Laura Dias Fagundes (*) | 25/03/2023 16:30

Você já foi um pesquisador? Procure nos recantos da sua mente uma memória esquecida: livros empoeirados num quarto vago, caídos atrás de prateleiras, contendo saberes dos mais indecifráveis; mapas amarelados e enrolados metodicamente, ilustrados com terras impossivelmente distantes; fotos de lugares e pessoas que o tempo se recusou a apagar; cartas, conchas, pedras, penas, quadros, álbuns. Talvez você já tenha passado pela sensação de descobrir histórias esquecidas, talvez esse possa ser o empurrão para que você encontre esses mundos secretos atrás das páginas de um manual ou almanaque.
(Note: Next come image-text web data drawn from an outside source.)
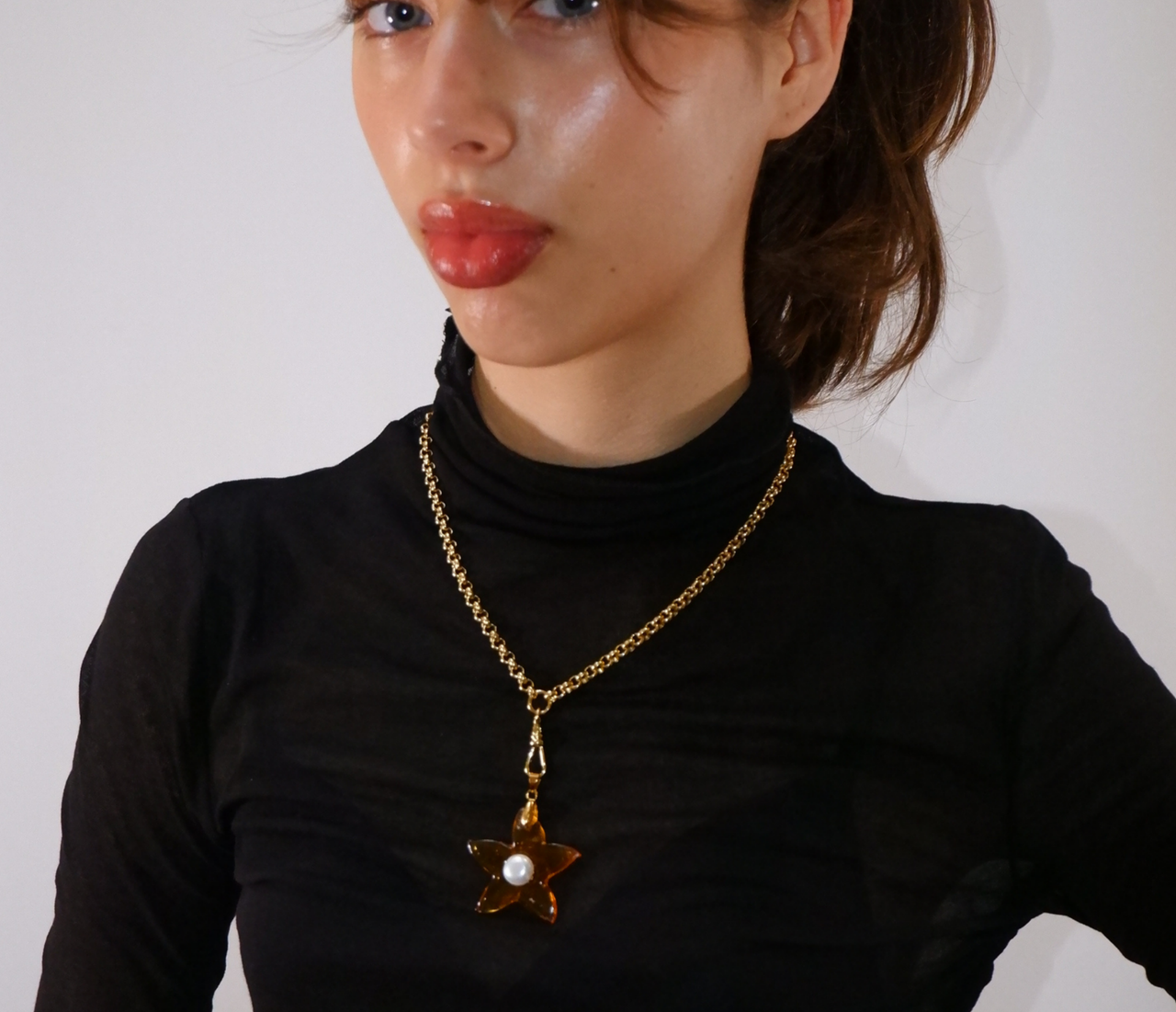 XL Star Belcher Chain Necklace - Amber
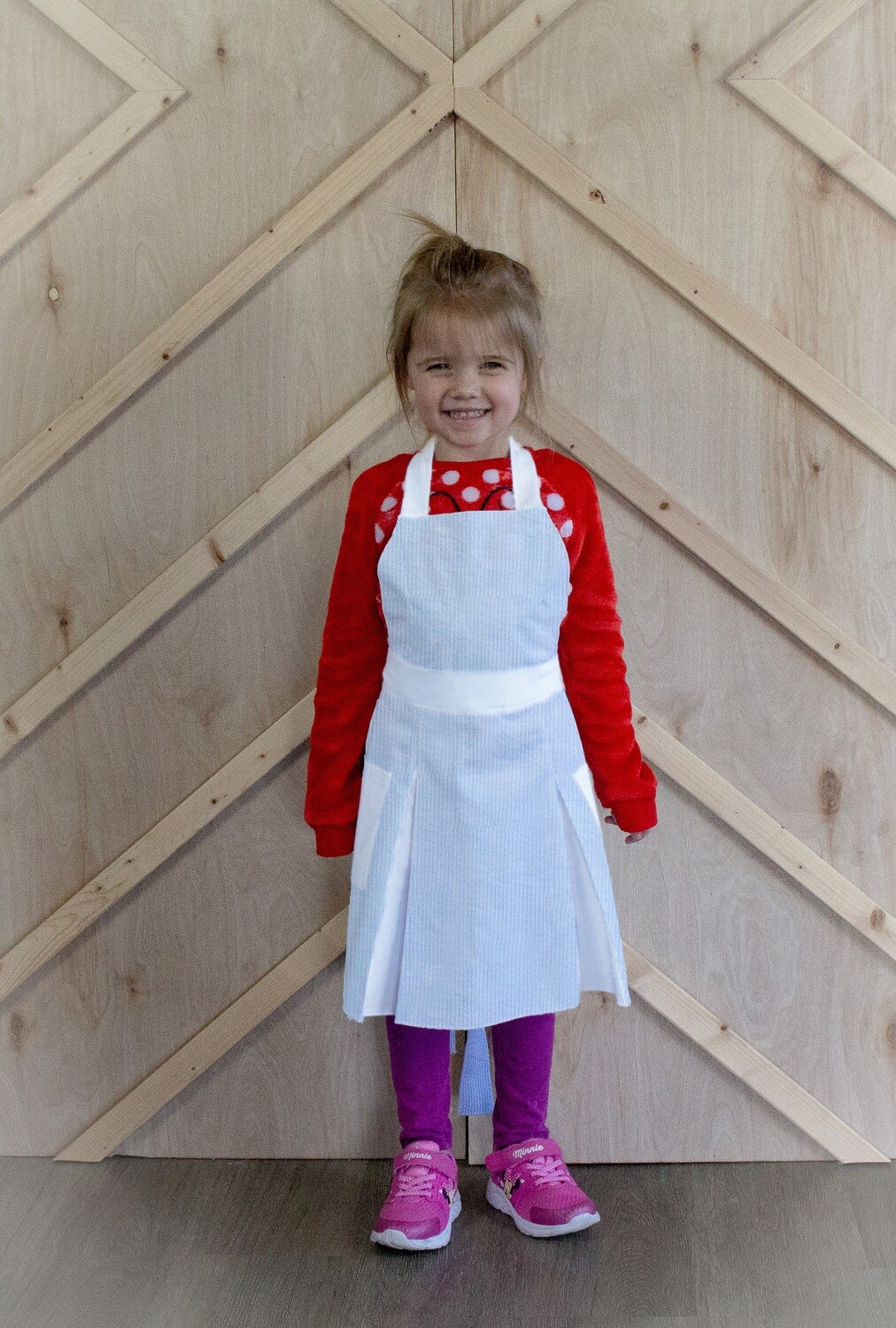 Apron with White Godets in Seersucker Light Blue- Child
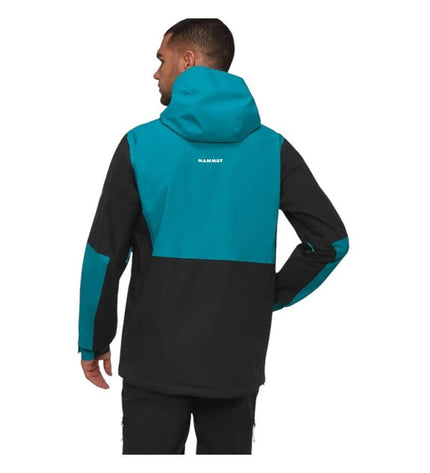 Mammut Linard Guide HS men's outdoor sport jacket in blue, suitable for hiking and camping activities.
Quimeras Naturais: Flora excogitari et Fauna ludi é meu trabalho de conclusão de curso, produzido no curso de Artes Visuais – Bacharelado, sob orientação da professora Lilian Maus. Nele, emulo esse sentimento da minha infância de descobrir o mundo nos livros antigos da casa dos meus avós. Foi através de uma instalação participativa com objetos têxteis, desenhos e plantas que recriei o ambiente de trabalho de uma pesquisadora fictícia. Sobre as mesas e prateleiras da instalação, um diário de bordo, ilustrações botânicas, materiais pessoais de desenho, cartas e postais, livros e esculturas têxteis de plantas que não se parecem com nada deste mundo. Essas esculturas são plantas e liquens fictícios, catalogados e estudados nas pranchas ilustradas e no diário sobre a mesa.

O diário conta sobre as expedições dessa pesquisadora misteriosa pelo pampa gaúcho e os seus encontros com a flora fantástica. Ela disserta sobre esses espécimes misteriosos, seus hábitos e particularidades; descobrimos aos poucos sobre a rotina dessa pessoa. Seu temperamento, relação com outros pesquisadores, erros e frustrações, mas também sobre todo o carinho e fascínio que ela sente pelo pampa e toda a vontade que ela tem de descobrir cada vez mais sobre esses vastos campos.

Estas plantas misturam realidade e sonho: pelo estudo das classificações taxonômicas relaciono a flora imaginária aos demais seres do pampa. Muito foi descoberto nesse processo. Estruturas que me ocorriam naturalmente através de sonhos depois eram recontextualizadas com a pesquisa e pareciam mesclar-se naturalmente à paisagem.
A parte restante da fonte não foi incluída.